When I was a kid on the playground of St. Aloysius elementary school, if someone became too pushy or demanding about the rules of a game we were all playing, another kid would inevitably call them out, saying, “Who died and made you boss?” 

Ever since our collective mindset of what is right and wrong got supplanted because some brainiacs decided that there was no God, people have decided that they are their own bosses, and therefore whoever shouts the loudest or shoves the hardest is in control.

Before this, the tenets and traditions of the Judeo-Christian religions set the bar by which we all were willing to subject ourselves. 

I grew up in a suburb just north of Pittsburgh called Reserve Township where my father was one of four full-time police officers. Reserve Township had a few houses of worship and was populated with all kinds of people at various stages of belief in a Supreme Being, some ardently questioning that being’s existence, some denying its presence in the universe altogether. 

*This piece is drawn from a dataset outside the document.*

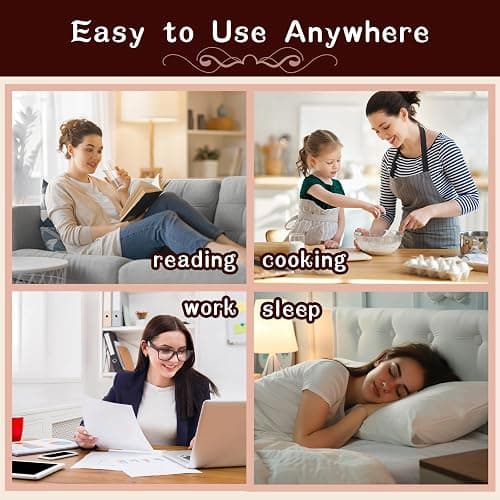 HAIOLORPRO Heatless Hair Curler Velvet, Heatless Curls Overnight Hair Curlers to Sleep in, Overnight Rods Heatless Curls for Short Long Hair All Hair Types Styling Tools-5PCS Brown thumbnail 6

But one thing that everyone agreed upon were the ground rules of the “moral law.” Remember “Do unto others as you would have them do unto you”? No one disagreed with the Golden Rule. People respected one another’s opinions, could even ardently debate them, and everyone stayed inside the framework of fair play. 

But now it seems like every week someone within the anonymous woke crowd comes up with yet another new phrase or idea that we’re all supposed to incorporate into our daily lives. Who are these people? And why are we listening to them? I mean, who died and made them boss? 

What happened to the influence of the traditional church? Could it be that inch by inch the church gave away its authority in order to accommodate a few more pew sitters? Is that how it began? 

After straying from its moorings in the teachings found in the Bible on “small matters” such as marriage and divorce, is it no wonder that the church would go lukewarm on such hot-button issues like abortion and homosexuality? The church’s stance on such serious life and lifestyle concerns appeared to the culture as counter-intuitive. Don’t we have freedom to do whatever we want with our own bodies? And doesn’t God—the God of that famous slogan, “God is Love,” doesn’t he want us to be happy with who we are and what will fulfill us as human beings? 

So, pastors who wanted to keep their pews warmed started giving in to the new morality by watering down Scriptural things until all that was left was . . . water. And not the holy kind, either. 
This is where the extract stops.